TASK INPUTS Start Marker

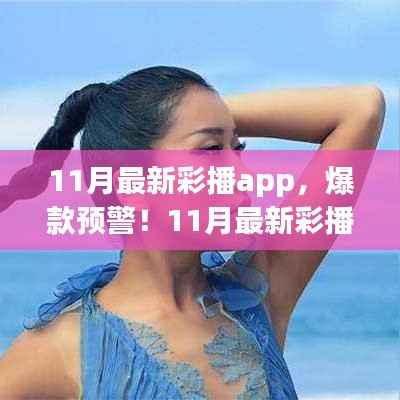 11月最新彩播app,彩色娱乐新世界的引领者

TASK INPUTS End Marker
TASK INPUTS Start Marker

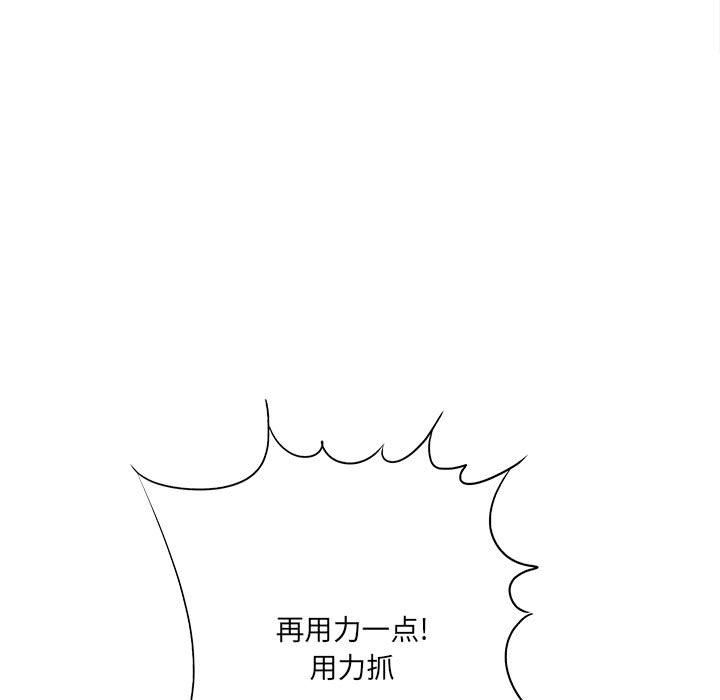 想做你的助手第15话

TASK INPUTS End Marker
TASK INPUTS Start Marker

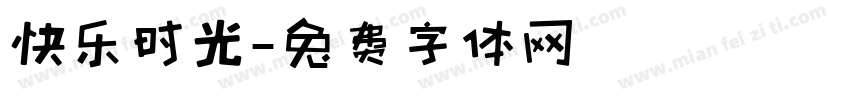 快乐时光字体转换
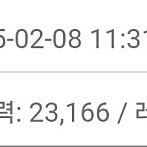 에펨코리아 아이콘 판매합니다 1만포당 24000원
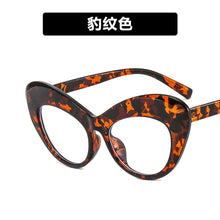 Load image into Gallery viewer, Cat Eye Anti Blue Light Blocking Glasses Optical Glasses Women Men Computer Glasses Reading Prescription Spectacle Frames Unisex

TASK INPUTS End Marker

WHAT NEEDS TO BE DONE -
Give again the lines of the listing above that run from the one with "에펨코리아 아이콘 판매합니다 1만포당 24000원" up to and including the one with "Load image into". Keep them exact and omit the pictures.

RESULT OF THIS TASK -
 에펨코리아 아이콘 판매합니다 1만포당 24000원
 Load image into Gallery viewer, Cat Eye Anti Blue Light Blocking Glasses Optical Glasses Women Men Computer Glasses Reading Prescription Spectacle Frames Unisex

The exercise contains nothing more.